Lets be pragmatic/objetive:
Do you write to your data on runtime? Yes: Db, No: File
Do you update your data more than once per week? Yes: Db, No: File
It's a pain to release an updated data file? Yes: Db, No: File,
Do you read that data often? Yes: File/Cache, No: Db
It is a pain to update that data file and you need extra tools? Yes: db, No: File
For sure I've forgotten other points, but I guess the basics are there.
The "flexiable" array in a file is fraught with a zillion issues already delt with by using a DB. Unless you can prove that the DB is really going to way slower than using the other approach use a DB. Move on and start solving business problems.
Edit
Comment from OP asks what the issues with using a file might be, here are a handful (pause to take a deep breath).
Concurrency: You have to manage the situation where multiple requests may be trying to write back to the file. Not too hard but it becomes a bottleneck.
Performance: Yes modifying an in-memory array is quicker but how do you determine how much and when the array needs to be persisted to a file. Note that using a DB doesn't pre-clude the use of an appropriate in-memory cache. Writing a file back each time a small modification is made isn't going to perform that well.
Scalability: Really a function of the first two. In order to acheive any scalable goals you need to be able to quickly modify small bits of the data that is persisted. IWO if you don't use a DB you would end up writing one. If you find you need more than one webserver to support growing demand where are you going to store the file(s)? Now you've got file I/O over a network (ableit likely a very quick one).
Structure: Your code will be responsible for managing the structure of data, querying it etc if you use an array. How will you do that in way which acheives greater "flexibility" than using a DB? All manner of choices and complexity are needed here.
Reliability: You need to ensure the integrity of your persisted data. In the event of some failure your array/file code would need to ensure that data is at least not so corrupt that the application can continue.
Your colleague is correct, BUT there's where you need to put aside the comp sci textbook and be pragmatic. How often will you be accessing this data from your application?

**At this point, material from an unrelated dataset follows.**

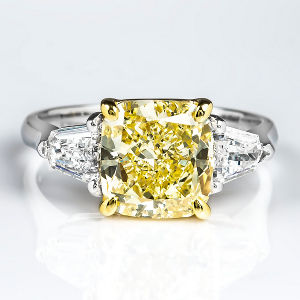 3 Stone Fancy Yellow Diamond Engagement Ring, 3.76 ctw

If it's fairly frequently then don't incur the costs of access overhead. Instead of reading from a flat file you could still gain the advantages of a db, but use a caching strategy in your application. Depending on your development language you could look at something like memcache or jtreecache.
It depends on what kind of data you are looking at, and whether or not it needs to be updated regularly.
I tend to keep most things (non-config data) in the database, even if the data isn't going to be repeating (e.g. thosands of rows). Databases will scale so much easier than a flat file, if your system starts to grow fast your flat file might become a burden to your system.
If the data doesn't change very oftern, and your programming in Java, why not use Spring to hold the values?
They can be injected into your bean, and changed easly.
but thats if you'r developing in Java.
Yeah I agree with your implied assessment that databases are overused and basic flat files may work in multitude of scenarios. If your application is read-only (and writes are done by the admin when app restarts) I would definitely go with the file. Even if application writes to the file, but only in append mode (vs random inserts/updates) in one thread, I would also use file. Anything else -- need a real database with random updates, queries, concurrency control etc.